Daughter, Elizabeth, said her father had not complained of either sickness or any pain. “On Sunday he was okay, I even took him for a ride and we passed by the church where we found a young woman preaching,” she said.
Elizabeth added on Tuesday, he suddenly stopped taking food and liquids. She said they started to be suspicious that something could be amiss with her father. She immediately called her father’s closest friends and relatives who came for support and they sang hymns and he mumbled along. The following morning at around 5:30 a.m., her father stopped breathing. Like the patriarchs of old, Dr. Hynd simply folded his hands and ‘passed on to glory’.

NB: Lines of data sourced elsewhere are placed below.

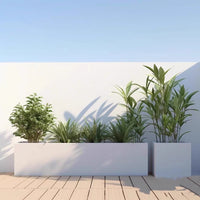 Stainless Steel Outdoor Planter Box with Partition Fence for Landscaping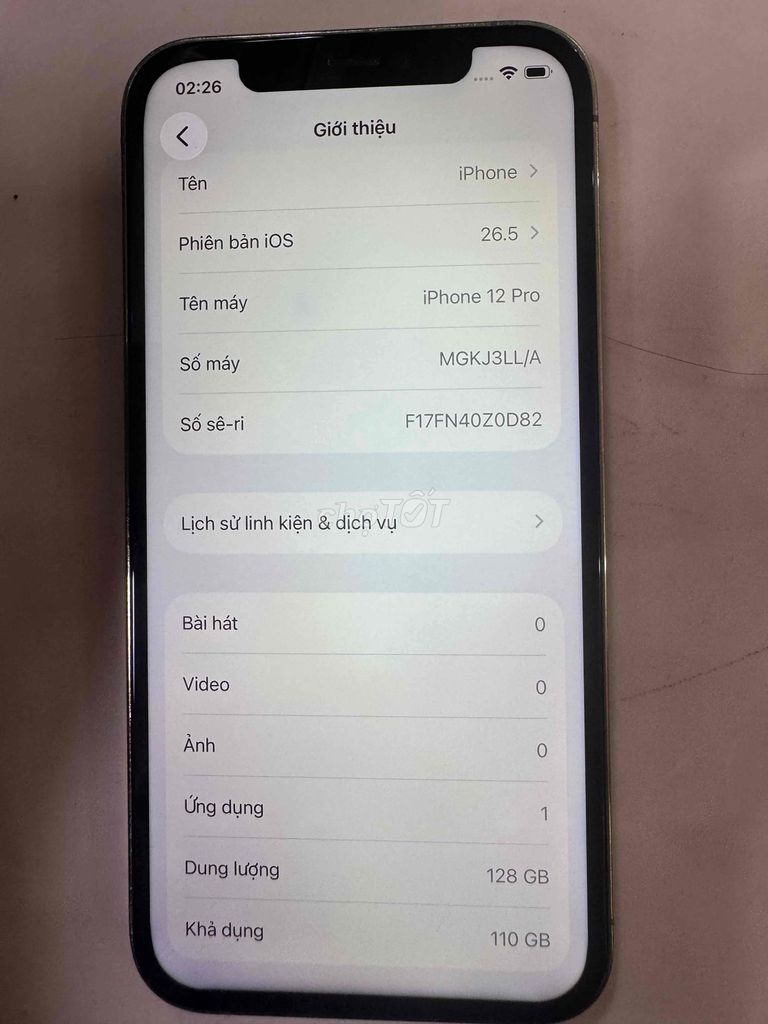 iPhone 12 Pro 128GB vàng. Mua bán Điện thoại tại Quận 6 Tp Hồ Chí Minh được đăng bởi Gia Hưng hình 1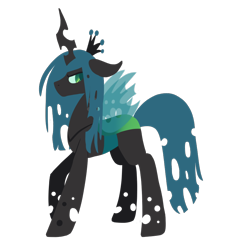 Size: 900x900 | Tagged: safe, artist:sinclair2013, derpibooru import, queen chrysalis, changeling, changeling queen, simple background, solo, transparent background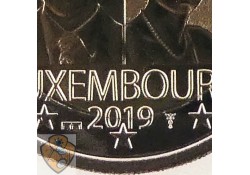 2 euro Luxemburg 2019 Charlotte met muntteken Servaas.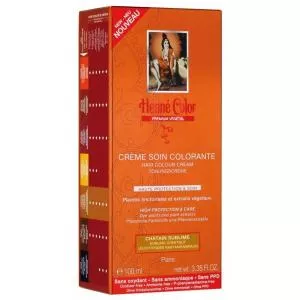 Henné Color Tinted hair dressing med en høj grad af beskyttelse og pleje Premium 100ml Chestnut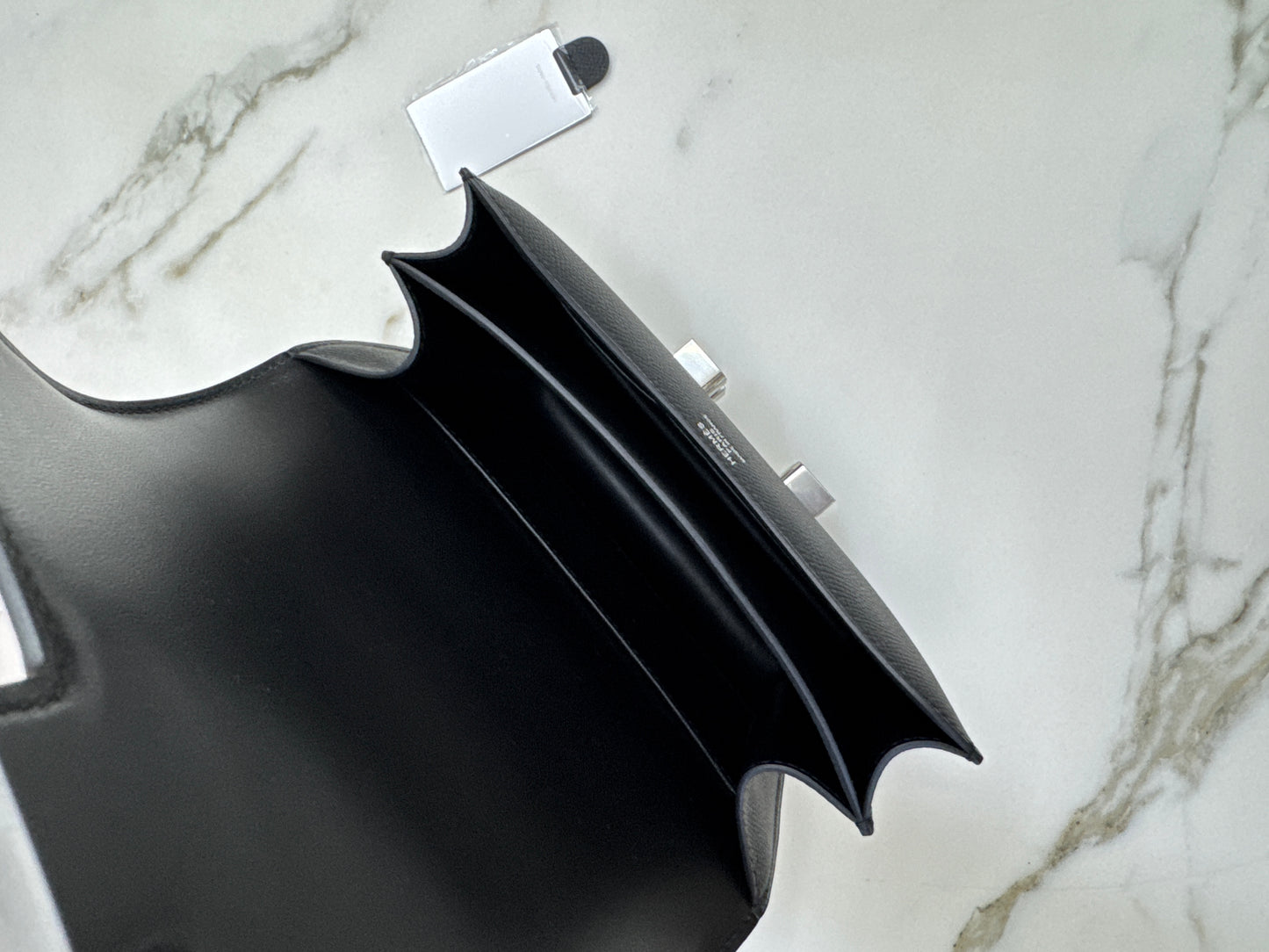 HERMES Mini Constance 黑銀 Noir Epsom PHW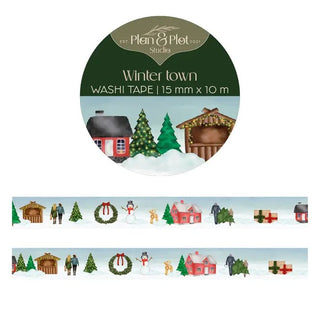 Washi tape Plan & Plot - Winter Town 15 mm - 1 - Plan & Plot Studio - Tidformera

Dr. Samuel W. Hynd, CBE (Commander of the Order of the British Empire), was born on the 19th December, 1924, in the home of his grandfather, Dr. George Sharpe, the founder of the Church of the Nazarene in the British Isles.

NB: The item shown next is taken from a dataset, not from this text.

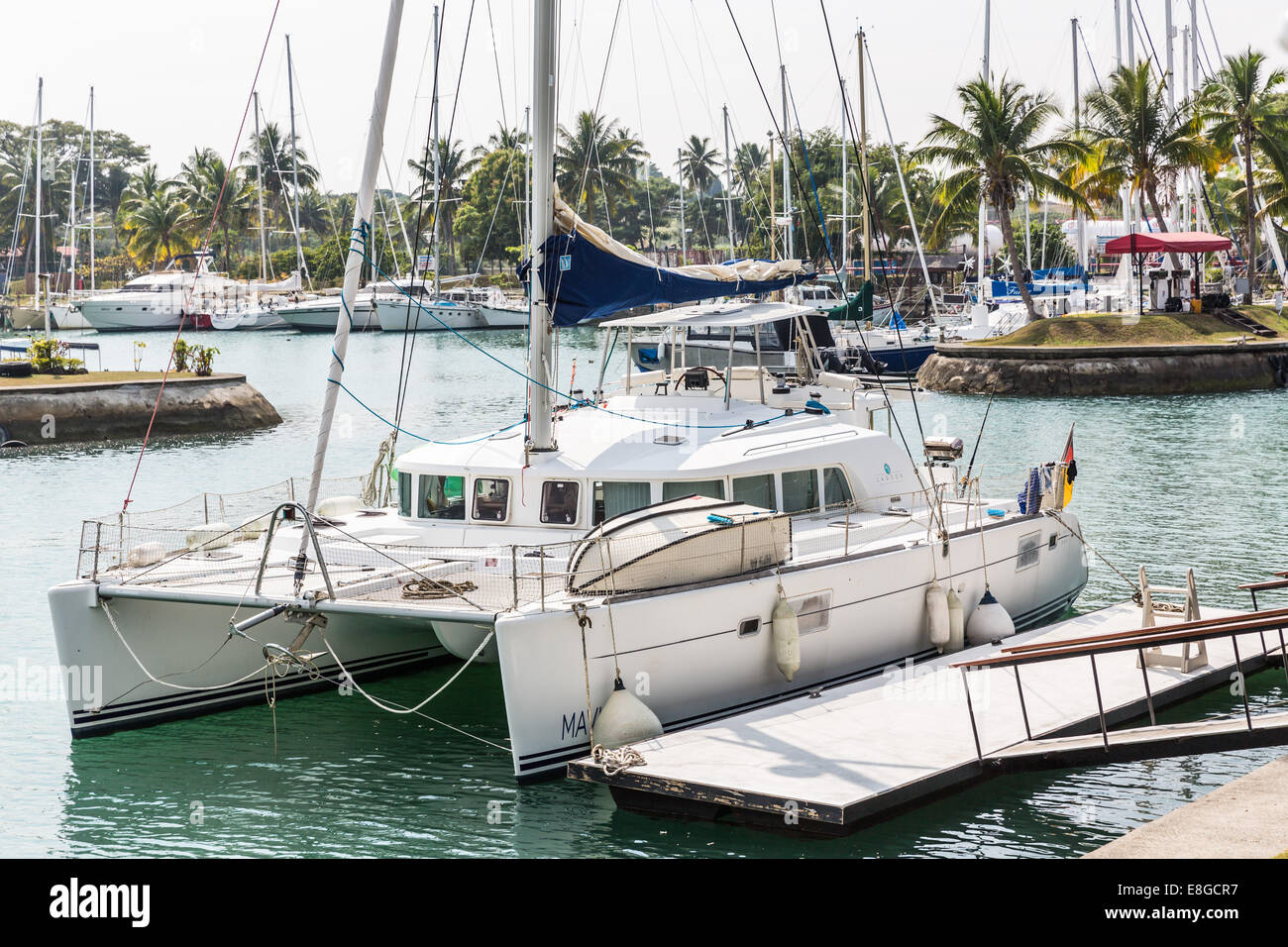 Marina a Port Denarau Fiji Foto Stock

At the age of six months, he travelled with his parents, Dr. and Mrs. David Hynd, to Swaziland, where his parents founded the Raleigh Fitkin Memorial Hospital and the Manzini Mission Station. The later founding of schools and colleges made this the largest mission station of the Church of the Nazarene. Samuel Hynd returned to Glasgow for his medical studies, serving as District President of the NYPS and being one of the initiators of the annual conference-holidays known as ‘Institute’. He graduated in 1950 and was appointed a Nazarene missionary to Manzini, succeeding his father as head of station in 1961.
After the independence of Swaziland, Dr. Hynd served as Minister of Health in the government of King Sobhuza II, and was later to be the doctor in charge at the birth of the prince who became the present king of Swaziland, Mswati III. Over the decade following his 80th birthday, Dr Hynd raised funds and established a new clinic to combat the AIDs epidemic. Dr Hynd was made a CBE by the Queen in 1998.
Dr Hynd’s memorial service was held at Sharpe Memorial Church of the Nazarene in Manzini, Swaziland.